1834年に江戸大伝馬町のビードロ屋の加賀屋久兵衛が金剛砂でガラスに細工を施したのが江戸切子の始まりです。その後、明治時代に英国人エマニエル・ホープトマン氏を招聘し、10名ほどの日本人が指導を受け、現代の江戸切子の文化が完成しました。
今回は、江戸切子と薩摩切子の違いや江戸切子の「華硝」と「カガミグラス」という2大ブランドをご紹介します。
江戸切子2大ブランドの1つ「華硝」
江戸切子のブランドとして名高い「華硝」。2008年に開催された洞爺湖サミットでは、国賓に贈るために華硝の「米つなぎ」という紋様のワイングラスが採用されました。
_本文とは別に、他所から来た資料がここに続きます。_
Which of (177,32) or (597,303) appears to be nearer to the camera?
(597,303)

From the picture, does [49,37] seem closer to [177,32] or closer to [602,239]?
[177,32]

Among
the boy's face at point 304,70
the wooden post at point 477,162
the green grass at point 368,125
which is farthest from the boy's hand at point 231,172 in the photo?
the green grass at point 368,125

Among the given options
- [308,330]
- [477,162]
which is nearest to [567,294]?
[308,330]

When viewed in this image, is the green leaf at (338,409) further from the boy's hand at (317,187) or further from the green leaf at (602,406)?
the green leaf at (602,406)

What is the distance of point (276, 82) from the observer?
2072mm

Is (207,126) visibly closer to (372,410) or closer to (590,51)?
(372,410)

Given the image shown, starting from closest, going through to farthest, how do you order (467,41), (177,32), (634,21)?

江戸切子には伝統的な紋様が多数あるが、華硝ではその紋様を進化させ、たとえば菊つなぎという紋様を糸菊つなぎというさらに細かいデザインに仕立て上げています。
そして、カットされた江戸切子は「磨き」を加えて完成するのですが、フッ化水素を使用して仕上げる「酸磨き」をする工房が多い中、華硝では手磨きをしているのです。
酸磨きをするとガラスが溶けてしまうため、江戸切子の命である輝きが損なわれてしまいます。しかし、手磨きにすることで、色彩や輝きが失われず、美しく輝く江戸切子が完成するのです。
このように全行程、手作業によるのも華硝ならではの取り組みであり、一流の江戸切子のブランドである秘訣であります。
江戸切子2大ブランドの1つ「カガミクリスタル」
出典:フォトリョク
1934年創業のカガミクリスタル。「暮らしに夢と輝きを」というコンセプトのもと、クリスタルガラスの製品や江戸切子まで幅広くガラス工芸製品を製造、販売しているブランドです。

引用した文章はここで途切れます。